Dominare est un gros jeu, disons-le tout de suite. Pour des joueurs donc ayant envie d'un jeu de deux-trois heures, avec pas mal de choses dedans, et notamment une part de chaos et de visibilité limitée. On y joue chacun une conspiration qui va tenter de prendre le contrôle d'une cité-état (Tempest, puisque l'éditeur publie une série de jeux dans le même monde). Cette conspiration est constituée de personnages qu'on révèle progressivement, personnages donnant diverses possibilités d'actions permettant notamment de prendre le contrôle de différentes parties de la ville (avec des petits cubes donc). Et ce coté personnages et pouvoirs multiples donne une complexité au jeu que j'apprécie grandement, mais aussi, et c'est également important en ce qui me concerne, une ambiance et une adéquation théme et mécanismes très agréable. D'autres mécanismes renforcent astucieusement cet aspect, en particulier le fait que plus votre conspiration est constituée de personnages puissants et donc visibles, plus elle va se faire taper dessus par les différents évènements. A mon sens, Dominare est une réussite. On pourra lui reprocher le fait de ne pas être plus lisible en cours de partie, mais cela fait complètement partie de l'intérêt en ce qui me concerne, et les incertitudes que cela créé sont pour moi bienvenues. Bref, amateurs de gros jeux, venez essayer Dominare.


Joué. Lords of Waterdeep. De Peter Lee et Rodney Thompson.

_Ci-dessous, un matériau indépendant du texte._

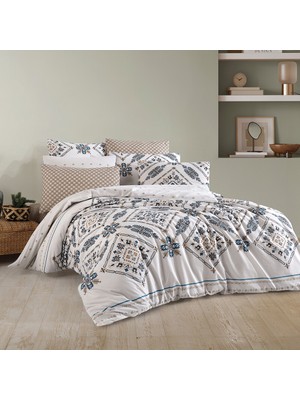 Eva Vintage Desenli Tek Kişilik, Çarşafı Lastikli, Nevresim Takımı (2 Yastık Kılıflı)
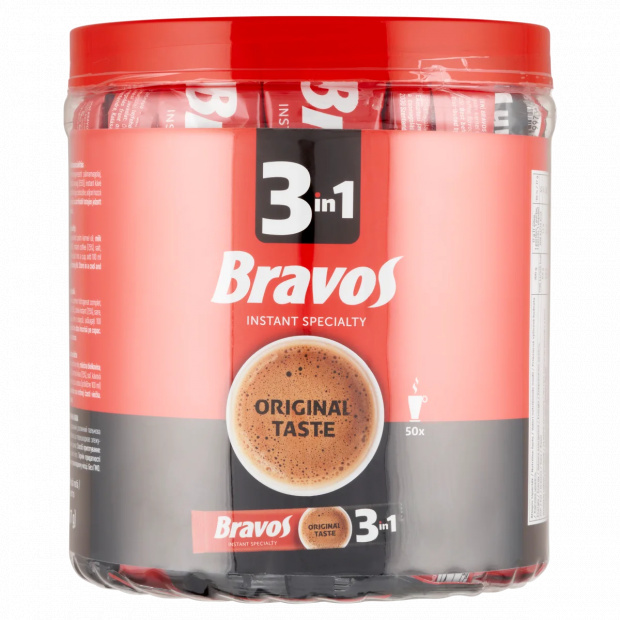 Bravos 3in1 instant azonnal oldódó kávéspecialitás 50 x 17 g (850 g) Bravos 3in1 instant azonnal oldódó kávéspecialitás 50 x 17 g (850 g)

Un jeu de plateau dans l'univers des Royaumes Oubliés (Donjons et Dragons, trade mark, copyright, tout ça, tout ça), et réussi pour le même prix, oui, de nos jours tout est possible. Lords of Waterdeep est un jeu sur la base classique du placement d'ouvrier, ces jeux où vous disposez de petits bonhommes que vous envoyez réaliser différentes actions. Ici, ce sont vos agents, et ces derniers vont en particulier recruter des aventuriers (sous forme de cubes de couleur malheureusement, mais au vu de la quantité, c'était la seule solution viable) que vous allez ensuite envoyer sur des quêtes plus ou moins épaisses. Oui, rôlistes de donjons, ce jeu vous met dans la peau de vos employeurs habituels (et, oui, on stocke les aventuriers en partance à l'auberge) et c'est bonheur. Sur cette base s'ajoutent un certain nombre de détails, constructions de batiments ajoutant des possibilités d'action, cartes intrigues permettant diverses magouilles et objectifs cachés. Et tout cela tourne fort bien. Qui plus est, et c'est un gros atout, le thème est présent et fonctionne très bien, ce qui a deux gros avantages : c'est immersif et ça rend la compréhension des mécanismes faciles et assez spontanées (pour un jeu pas si petit au final). Qui plus est, le nombre de quêtes et d'options de jeu permet une grande rejouabilité sans avoir l'impression qu'il se passe la même chose. Pour finir, un mot sur la boite : elle est grande et d'un format standard de rien du tout, c'est relou, et le thermoformage est tellement détaillé et précis que c'est un peu pénible de remettre tous les pions dans leur petit logement (et en plus, si on bascule la boite, la moitié s'évade quand même). Mais au-dela de ce pinaillage, c'est un fort bon jeu, honnêtement accessible pour des joueurs motivés par le thème et pas forcément habitué à ce format.